EXERCISE:
Every entry below has to appear again in your reply, word for word, but no picture may.
═══ DATA FOR THIS TASK
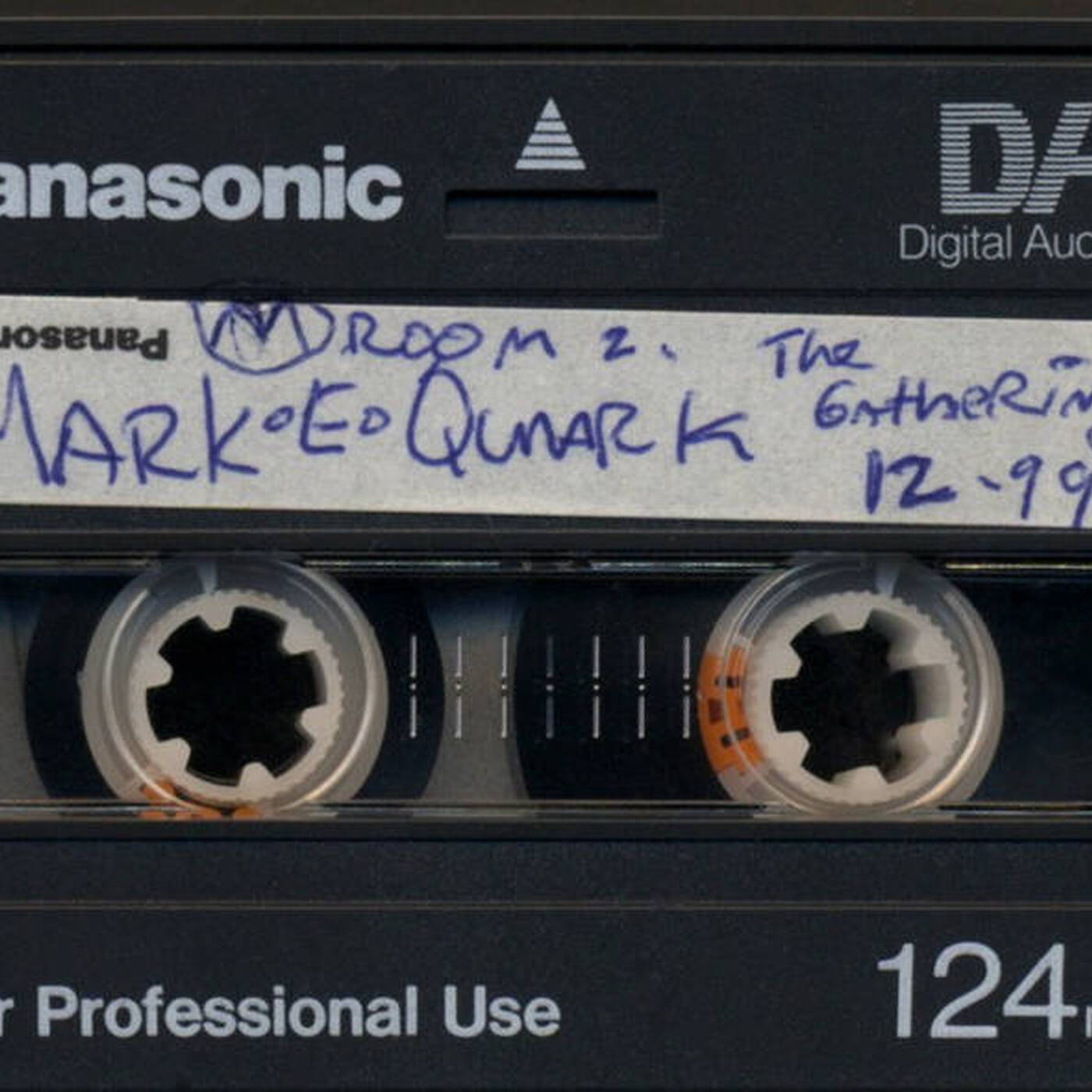 DJ Mark E. Quark - Live At The Gathering 12-99 (Jim Hopkins Remaster) episode artwork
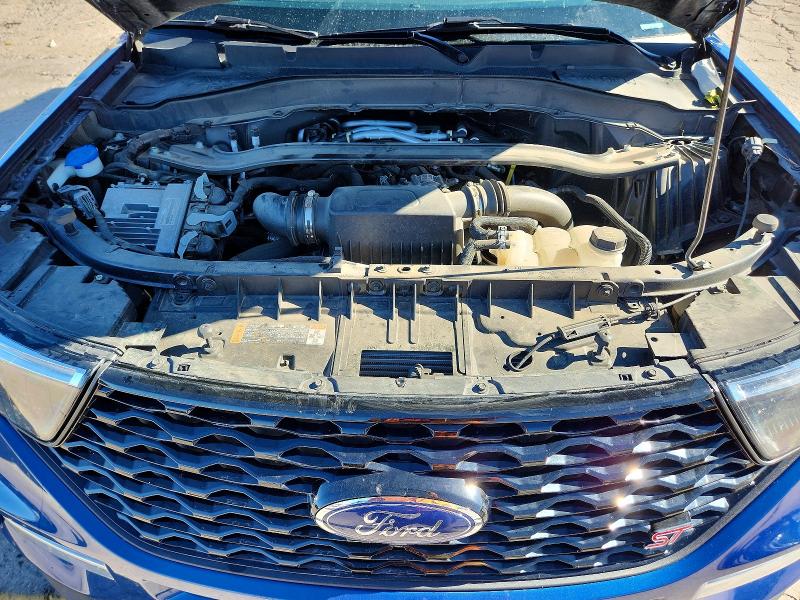 Photo 12 from auction – 2023 FORD EXPLORER with VIN 1FM5K8GC0PGA66169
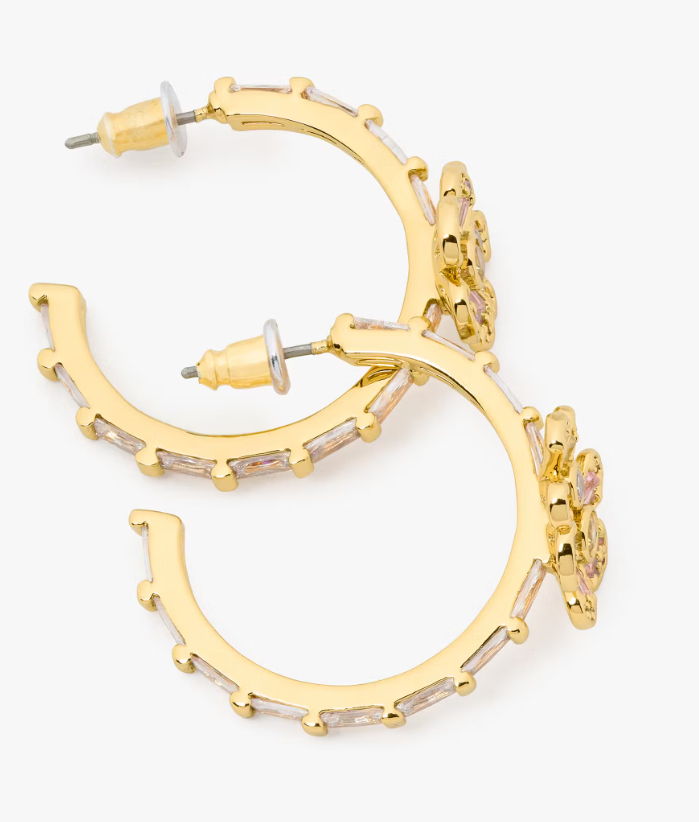 [S] KATE SPADE PINK MULTI KL092 FLEURETTE, 196021596841 (SKS1669)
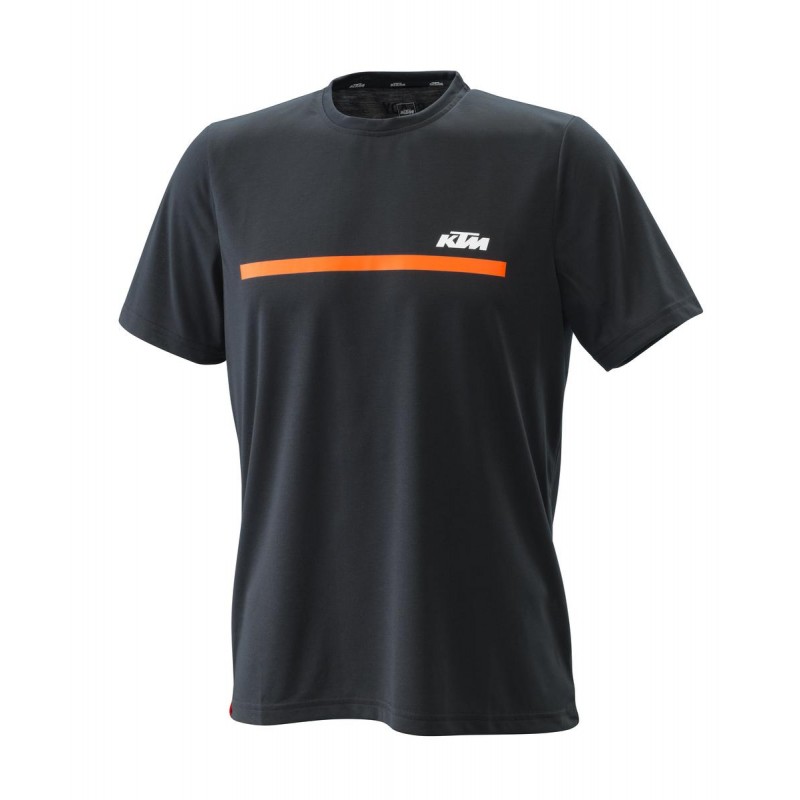 KTM Unbound Tee Black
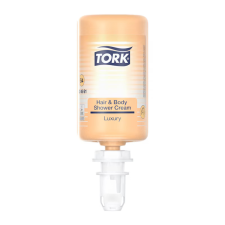 Tork Luxus krémszappan tusoláshoz és hajmosáshoz 1000ml tisztító- és takarítószer, higiénia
══════
EXERCISE OUTPUT:
 DJ Mark E. Quark - Live At The Gathering 12-99 (Jim Hopkins Remaster) episode artwork
 Photo 12 from auction – 2023 FORD EXPLORER with VIN 1FM5K8GC0PGA66169
 [S] KATE SPADE PINK MULTI KL092 FLEURETTE, 196021596841 (SKS1669)
 KTM Unbound Tee Black
 Tork Luxus krémszappan tusoláshoz és hajmosáshoz 1000ml tisztító- és takarítószer, higiénia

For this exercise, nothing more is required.